Microleasing: In some countries, AKAM is providing microleasing services, enabling clients to purchase fixed assets and business equipment for productive purposes. As they involve large capital expenditures, these loans can range from US$ 500 to US$ 10,000 and be repaid within six months to three years.
   
Money Transfer and Remittance Services: AKAM's Banks also provide money transfer services to clients. This service allows clients to transfer money inexpensively both from one city to another within a country or to remit funds internationally through the Swift payment system.
   

Small business loans: The most successful businesses will eventually evolve into small enterprises, which are more sophisticated, employ people outside the proprietor’s family, and produce a broader range of quality products that are sold in larger geographic areas. Microfinance institutions are ideally placed to reduce the financing gap that these budding small and medium enterprises face before reaching a scale more attuned to the mainstream financial markets. In collaboration with Deutsche Entwicklung Gesellschaft (DEG), AKAM is therefore piloting SME programmes in Afghanistan. Once tested, these are expected to become mainstream activities for the First MicroFinanceBanks.



The Microfinance “Ladder”

Over the years, microcredit has demonstrated that it can play a critical role in helping the poor to break through economic and social isolation. This “graduation” process, as it is often called, is difficult and slow. The first step most often takes the form of an informal business, whereby the borrower uses credit to purchase a few goods to sell within days on a nearby market. A small profit is generated.

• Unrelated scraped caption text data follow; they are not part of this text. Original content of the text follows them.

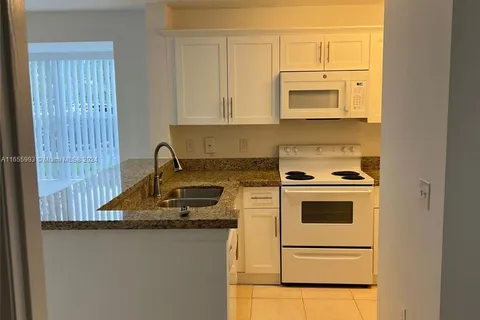 4879 Via Palm Lks # 612, West Palm Beach FL 33417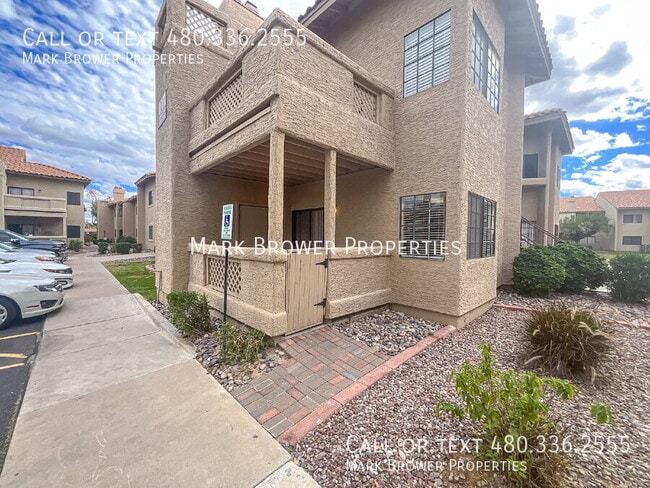 Photo - 930 N Mesa Dr
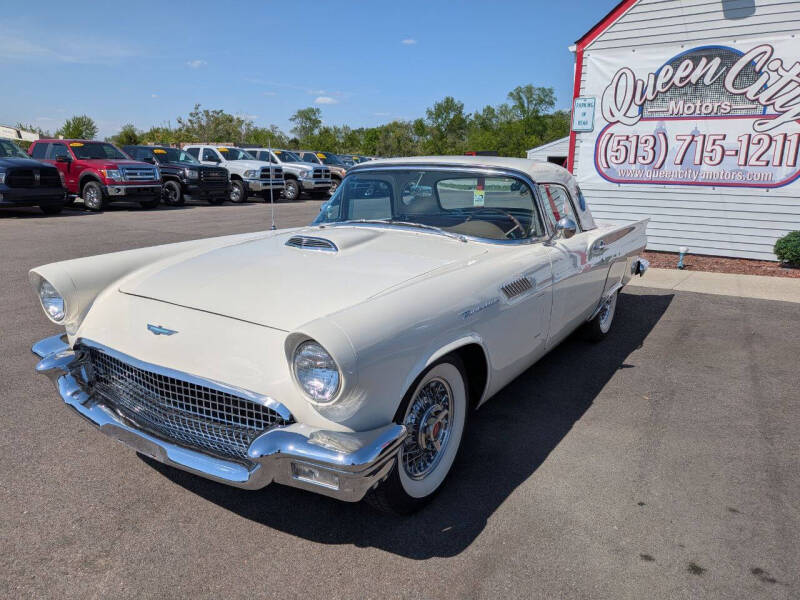 1957 Ford Thunderbird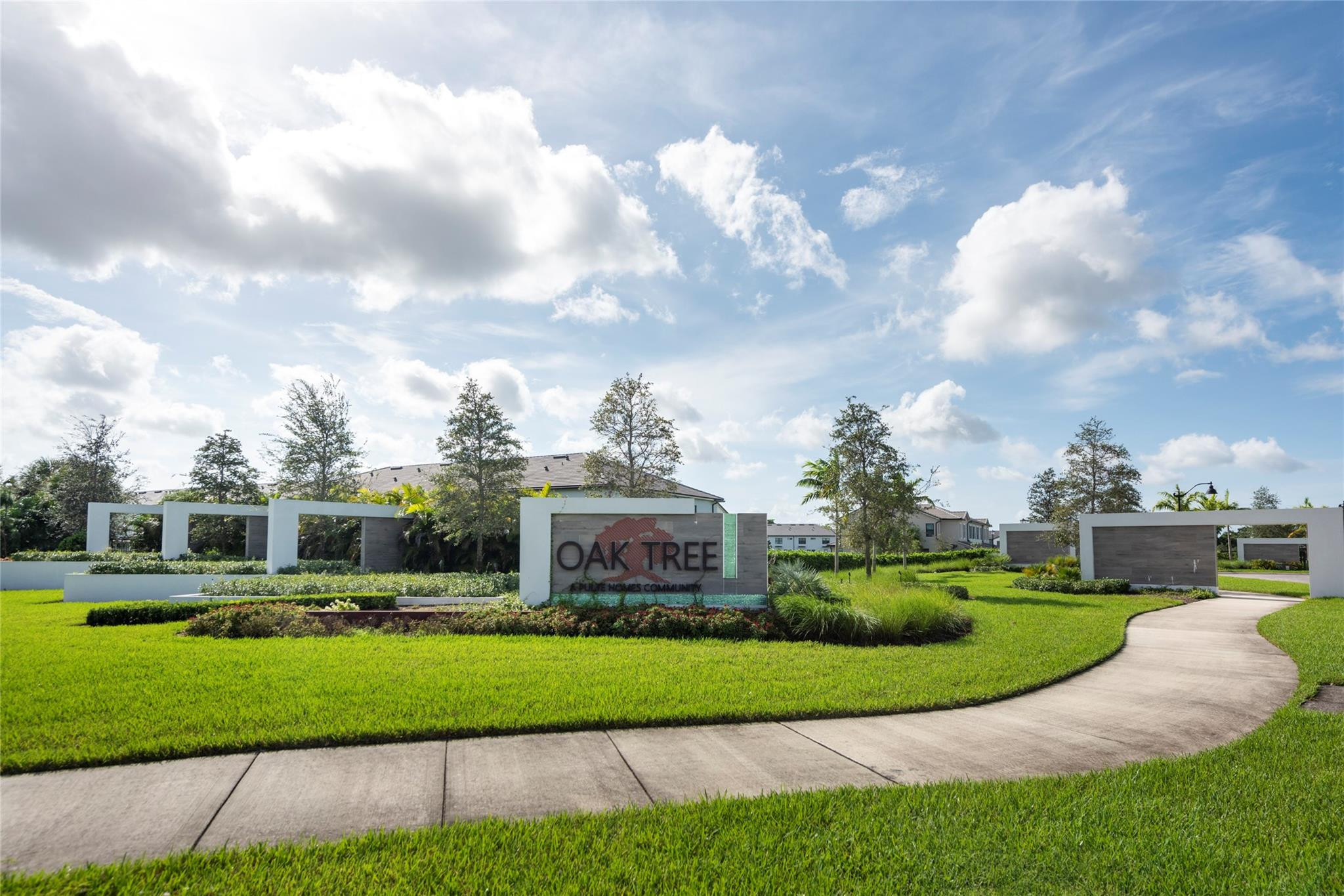 Oak Tree - Manor Series - Residential Lease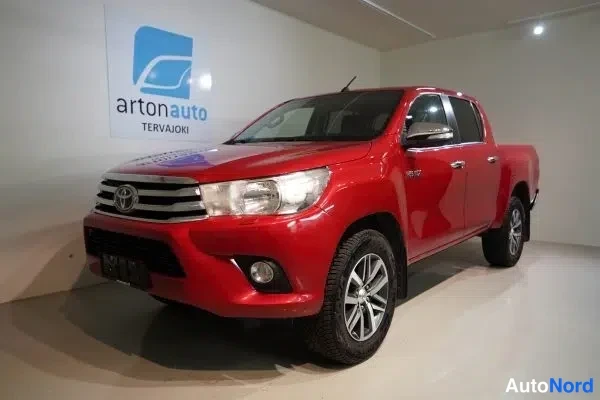 Punainen Toyota Hilux 2016, etuviisto, keula vasemmalle, kuva 6
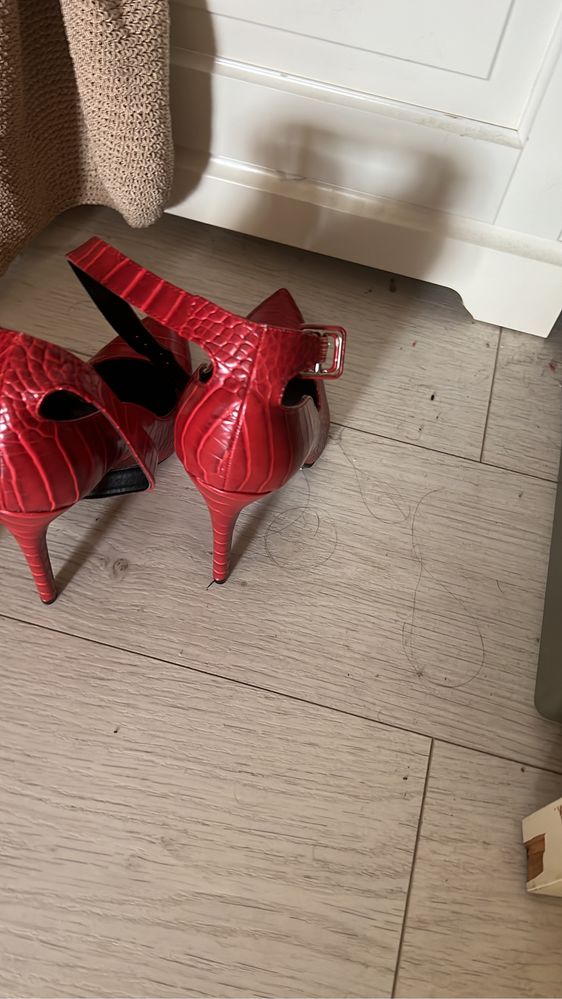 pantofi-dama Primadonna Collection,marimea 40,piele naturala,rosii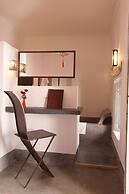 Riad O2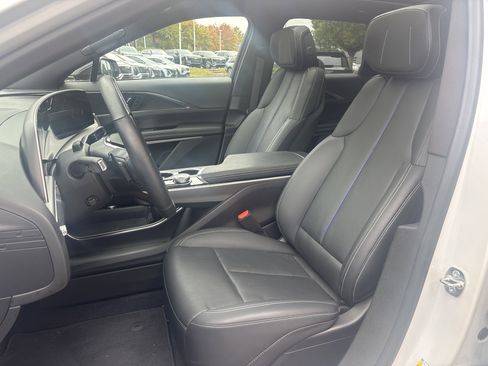 Used 2024 Cadillac Lyriq Luxury image 26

The next step may involve some processing or manufacturing and occupy a few members of the immediate family. The activity may then evolve into a small business, with significant value added. Several people outside the family circle may now be employed in the business. This latter stage is often described as the threshold from which an entrepreneur steps out of poverty. It is also the level at which real job creation begins to take place.

This individual’s progress out of poverty is mirrored by the institutional ladder, which can be divided into three categories:

1. Entry-level microfinance programmes, usually at the community level, which are designed to give people the means to start or expand economic activity and, over time, diversify beyond traditional microenterprises.
   
2. A second tier of microfinance institutions with a more formal structure and a network of sub-branches.
   
3. Microfinance banks, which are regulated entities that lend to micro and small enterprises and offer an array of services comparable – and in some cases even broader – to those of local commercial banks.

The three different types of microfinance activity represent three rungs of the microfinance “ladder.” Over time, institutions may evolve from microfinance programmes to registered microfinance banks offering a range of services.